Figures 3d-g clearly show that in the outdoor scenarios (for both sunny and cloudy days, Supplementary Fig. 12), the SET-type POM textile covered skin simulator had the lowest surface temperature of the five samples. In the sunny scenario under strong direct sunlight (> 800 W/m2, with peak solar irradiance of ~ 935 W/m2 and a high Tamb of 34.1 ℃) from 10 a.m. to 1 p.m., the temperature of the SET-type POM textile covered skin simulator was lower than that of the bare skin and the skin covered by cotton, transmission-type PE, and emission-type PVDF by 15.7, 8.8, 7.8, and 2.6 ℃, respectively (Figs. 3d,e and Supplementary Fig. 13). In a hot cloudy outdoor scenario (Tamb = 37.4 ℃), the surface temperature of the SET-type POM textile covered skin simulator was also still much lower than the others by 5.5, 3.6, 2.9, and 0.7°C, respectively (Figs. 3f,g and Supplementary Fig. 14). The results indicate that the SET-type POM textile exhibits the best outdoor cooling performance for a human body. This was due to its higher average solar reflectance than that of bare skin, cotton (~ 68%, Supplementary Fig. 15), and transmission-type PE (~ 48.4%, Supplementary Fig. 11d), as well as its extra transmission effect when compared with emission-type PVDF.
The SET-type POM textile also exhibited good cooling performance in the indoor scenarios, which means allowing a higher air temperature setpoint of active cooling devices while maintaining human thermal comfort, which can save energy by ~ 7% per 1°C increase8,36,37. As shown in Figs. 3h,i, in a room at 30.4 ℃, the temperature of the SET-type POM textile covered skin simulator was lower than that covered with emission-type PVDF and commercial cotton by 1.2 and 0.5 ℃, respectively, while it was only 0.2 ℃ higher than that covered with transmission-type PE (Supplementary Fig. 16). That is, the human body cooling performance of the SET-type POM textile in an indoor scenario is close to that of the transmission-type PE and better than that of both the emission-type PVDF and commercial cotton textiles. A comprehensive consideration of the results in both indoor and outdoor thermal measurements, it is clear that the SET-type POM textile has the most effective cooling effect for the human body.
Wearability testing
In addition to the superior RC performance, the synthesized SET-type POM textile also exhibits many metrics required for wearability, namely, good breathability, mechanical strength, waterproofness, and anti-humidity capability. First, we measured the breathability of the SET-type POM textile, which refers to the ability of a textile to carry human body heat away across the textile by airflow under a pressure difference and is important for human comfort. As shown in Supplementary Fig. 17, when sandwiching the SET-type POM textile between water and air, continuous bubble penetration (Supplementary Movies 1 and 2) without any textile breakage clearly indicates its good breathability. As shown in Fig. 4a, quantitative air permeability tests further showed that the SET-type POM textile exhibits a similarly good breathability as a commercial cotton, which is due to its fluffy fibrous structure and specially designed pores (punched by a commonly used microneedling technique8, Supplementary Fig. 18). In addition, the water vapor transmission rate was also measured, which represents the ability of a textile to transfer water vapor produced from perspiration evaporation. As shown in Fig. 4b and Supplementary Fig. 19, in the performance attributable to the existence of countless nano/micropore channels for water vapor permeation (Supplementary Figs. 6,20), the SET-type POM textile exhibits a high water vapor transmission rate (0.011 g/cm2 hour), which is similar with commercial cotton and the above two types of RC textiles (0.010–0.012 g/cm2 hour).
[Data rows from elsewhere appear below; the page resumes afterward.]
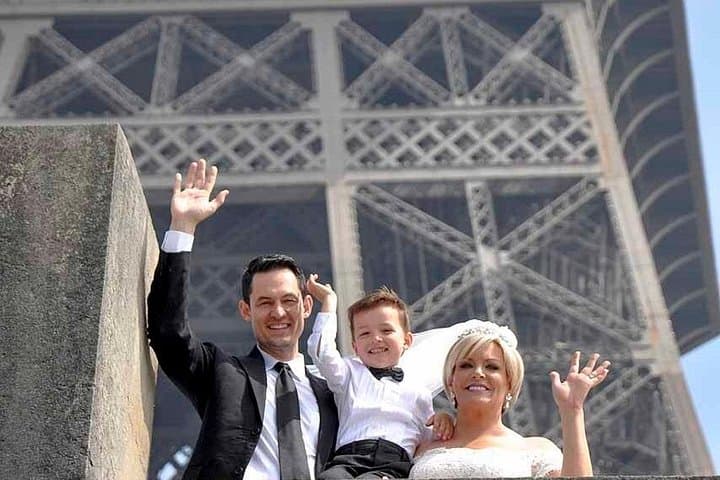 Paris Renew Your Wedding Vows Experience with Professional Photographer — photo 6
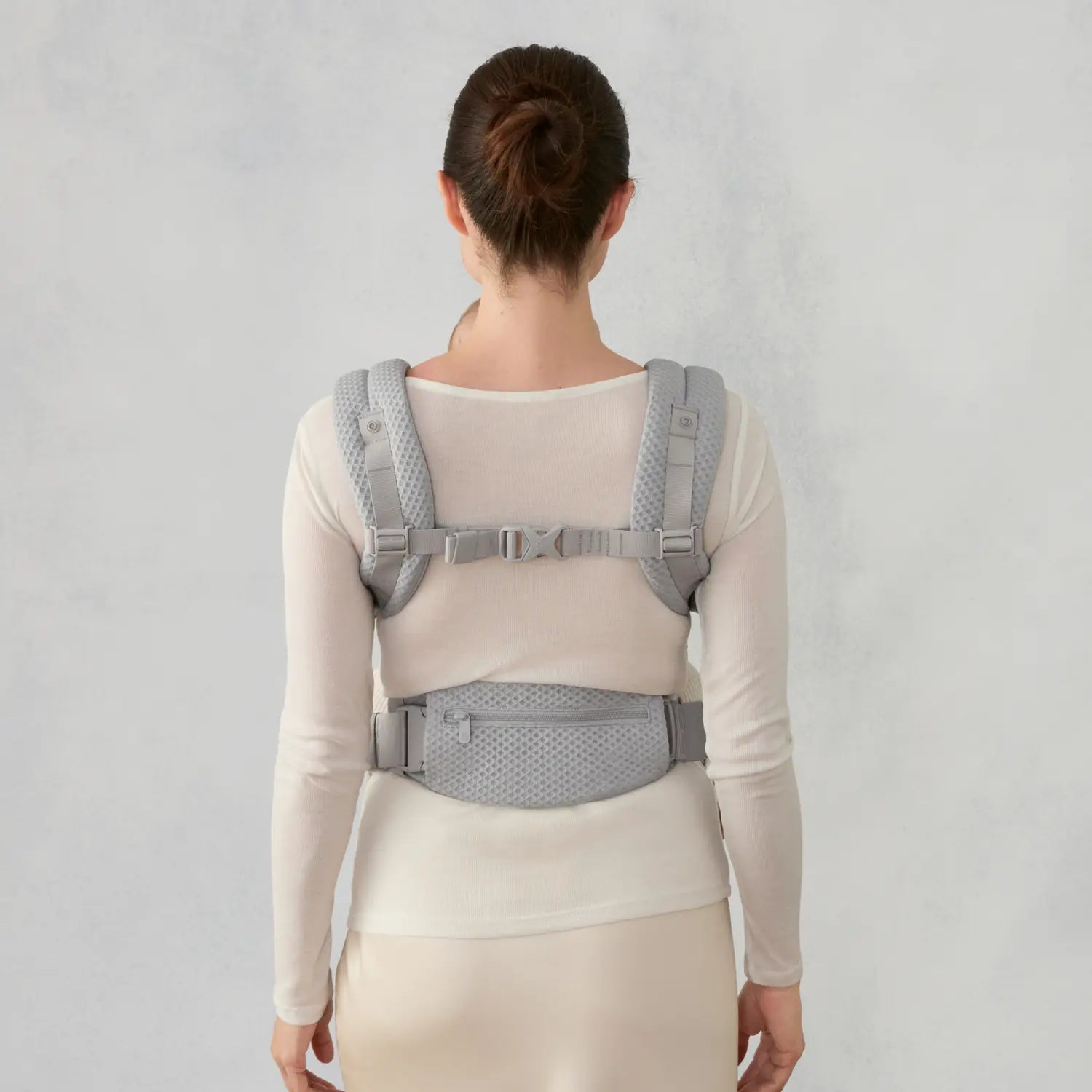 B-Ware Ergobaby Babytrage Tragesystem Mesh Omni Deluxe Vier Tragepositionen Pearl Grey - 1220000209916
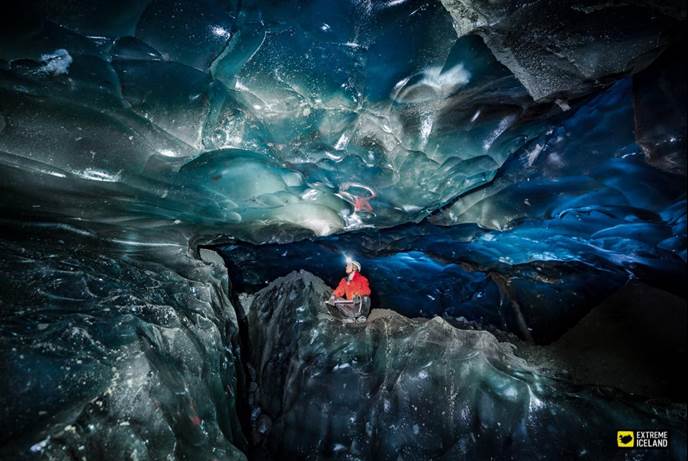 2018年冰岛最新冰洞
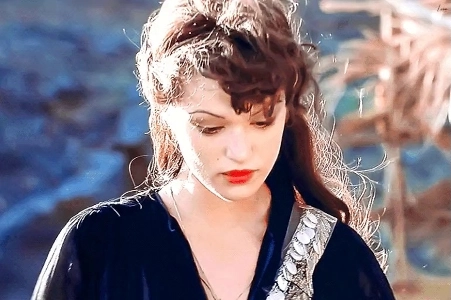 映画『ハムナプトラ』（1999）におけるレイチェル・ワイズの美しさ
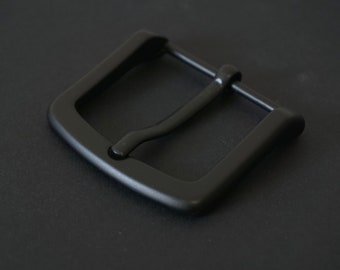 40 mm - Fibbia nera in metallo per cintura da uomo dal design pulito, liscio e lineare. Prodotta en Italie.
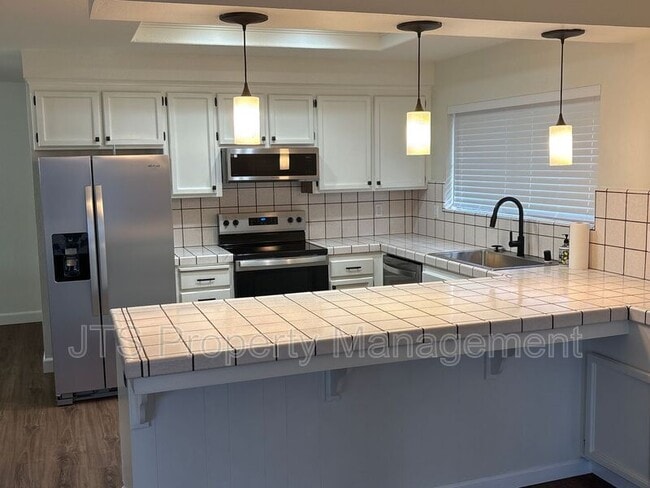 Foto del edificio - 5140 Linda Lou Dr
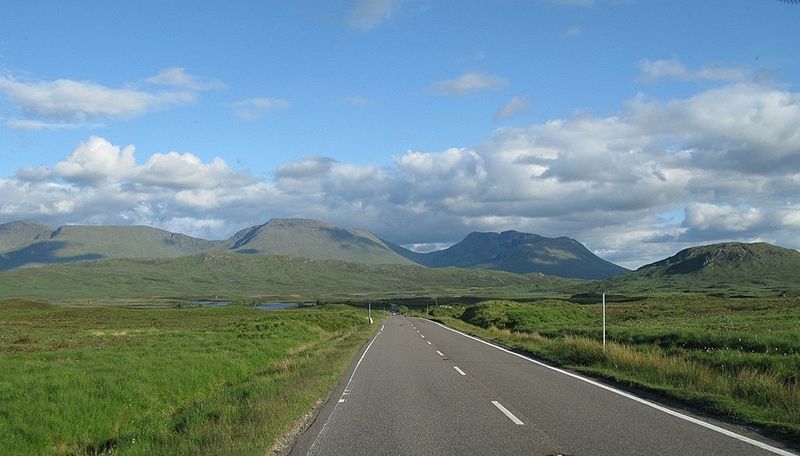 File:On The A82 - Coppermine - 19125.jpg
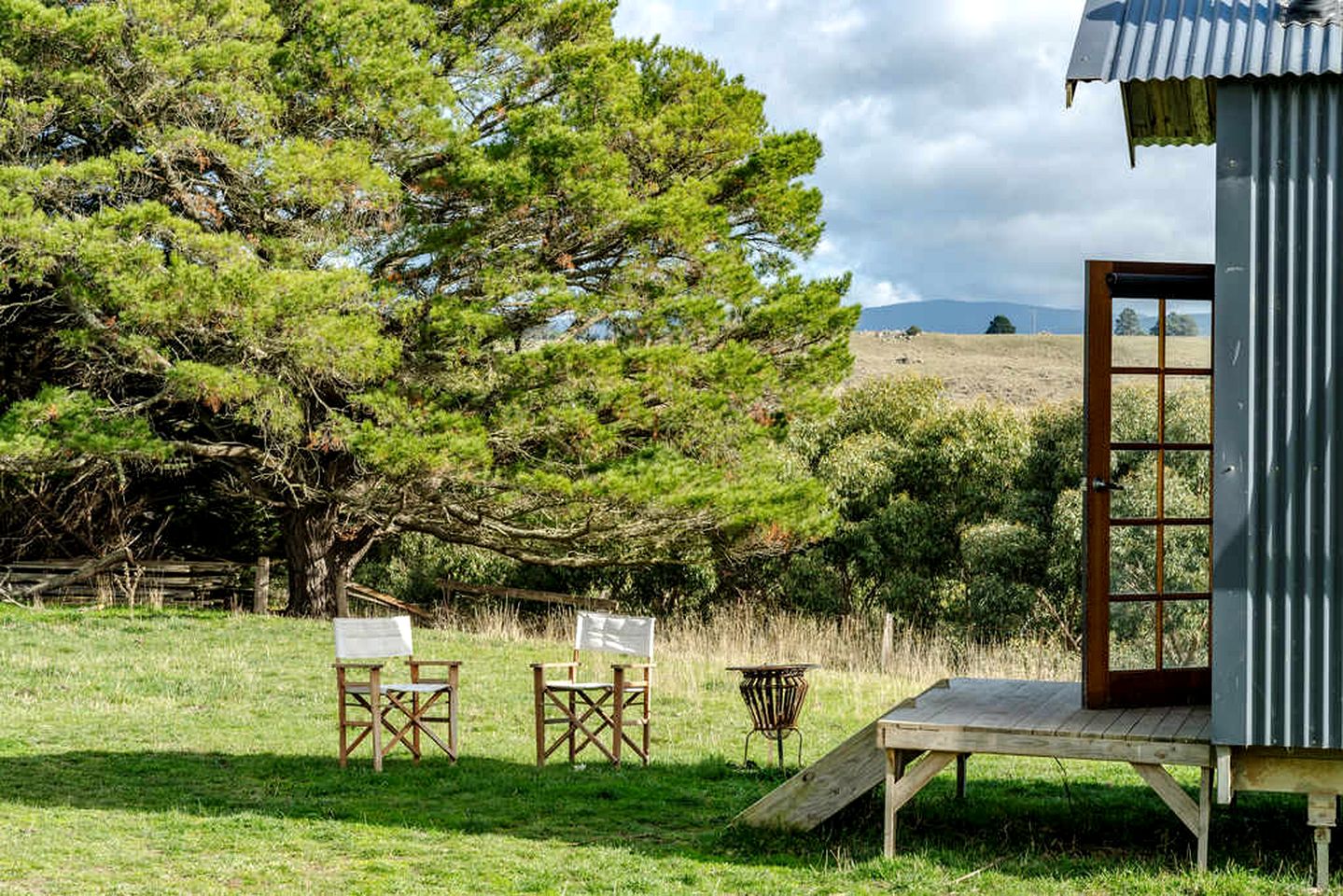 Off-Grid Tiny House for Weekend Getaways near Melbourne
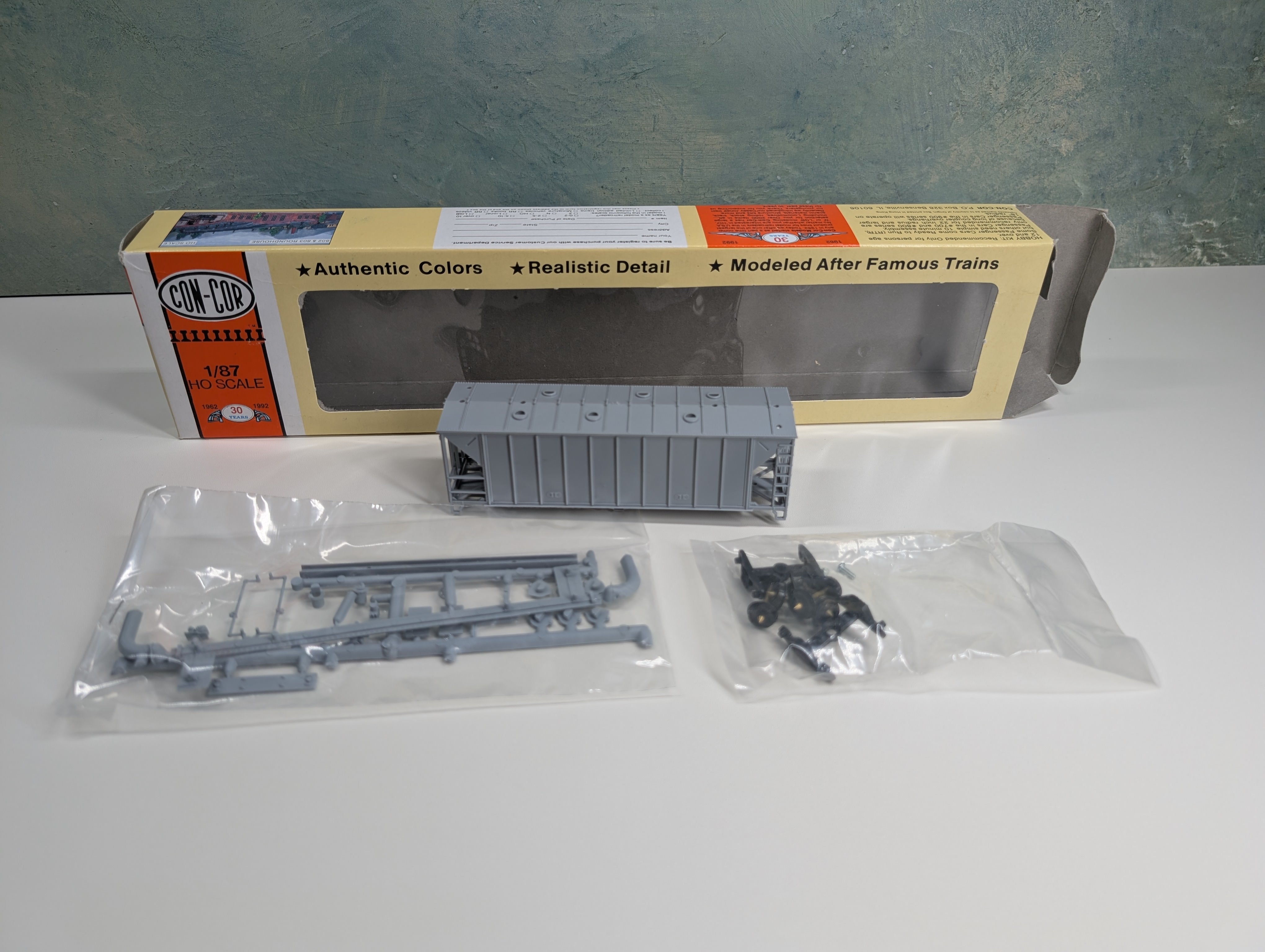 USED Con-Cor 1-009750 HO Scale 40' Airslide Covered Hopper Modern Version Undecorated Gray KIT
In addition, the SET-type POM textile also showed a high tensile strength of 13.3 MPa, which is comparable with that of the commercial cotton (14.7 MPa) (Figs. 4c). The high mechanical strength is attributed to the high crystallinity of the POM nanofibers (Supplementary Fig. 21) that have a high inherent strength (70 MPa)38. The elongation of the SET-type POM textile is the highest (~ 300%) among these different textiles (Fig. 4c and Supplementary Fig. 22), indicating its high flexibility for comfortable skin touch. The anti-humidity capability, which is important for keeping a textile dry and clean in humid environments, of these samples was also compared. The water contact angle of the SET-type POM textile reached 138° and still remained at 122°after half an hour, which were much higher than that of the other three textiles (Fig. 4d and Supplementary Fig. 23), indicating that the SET-type POM textile exhibits the highest waterproofness and anti-humidity capability.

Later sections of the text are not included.